Task details: On every line of the listing, check for "Ontario"; copy the lines that have it.

Data records:
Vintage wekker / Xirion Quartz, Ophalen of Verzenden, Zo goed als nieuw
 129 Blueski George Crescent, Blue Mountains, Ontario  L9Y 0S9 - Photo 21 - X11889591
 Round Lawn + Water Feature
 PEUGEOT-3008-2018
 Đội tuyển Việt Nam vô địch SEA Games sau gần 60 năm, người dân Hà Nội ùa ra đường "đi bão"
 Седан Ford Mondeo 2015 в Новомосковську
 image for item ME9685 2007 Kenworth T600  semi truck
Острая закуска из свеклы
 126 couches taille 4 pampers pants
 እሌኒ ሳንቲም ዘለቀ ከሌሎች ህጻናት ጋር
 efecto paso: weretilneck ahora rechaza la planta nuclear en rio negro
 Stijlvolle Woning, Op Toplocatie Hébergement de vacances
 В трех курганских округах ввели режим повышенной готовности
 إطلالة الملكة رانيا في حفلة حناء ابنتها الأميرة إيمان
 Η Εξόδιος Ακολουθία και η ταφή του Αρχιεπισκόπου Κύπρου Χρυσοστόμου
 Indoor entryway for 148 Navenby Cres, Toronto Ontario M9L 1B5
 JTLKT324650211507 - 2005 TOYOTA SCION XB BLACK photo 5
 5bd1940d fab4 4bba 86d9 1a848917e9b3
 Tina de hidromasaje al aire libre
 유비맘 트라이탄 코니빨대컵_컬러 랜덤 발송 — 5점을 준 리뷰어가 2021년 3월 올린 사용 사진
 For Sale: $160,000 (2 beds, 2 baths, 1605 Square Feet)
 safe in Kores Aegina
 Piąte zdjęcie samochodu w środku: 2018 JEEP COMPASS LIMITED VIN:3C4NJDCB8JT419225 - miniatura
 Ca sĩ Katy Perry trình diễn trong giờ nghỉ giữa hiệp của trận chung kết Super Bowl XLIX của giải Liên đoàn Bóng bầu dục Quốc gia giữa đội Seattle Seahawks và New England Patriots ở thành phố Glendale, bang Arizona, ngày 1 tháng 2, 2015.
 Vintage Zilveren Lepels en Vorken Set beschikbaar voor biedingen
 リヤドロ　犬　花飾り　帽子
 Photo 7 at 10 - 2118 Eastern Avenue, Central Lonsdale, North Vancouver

Response area:
 129 Blueski George Crescent, Blue Mountains, Ontario  L9Y 0S9 - Photo 21 - X11889591
 Indoor entryway for 148 Navenby Cres, Toronto Ontario M9L 1B5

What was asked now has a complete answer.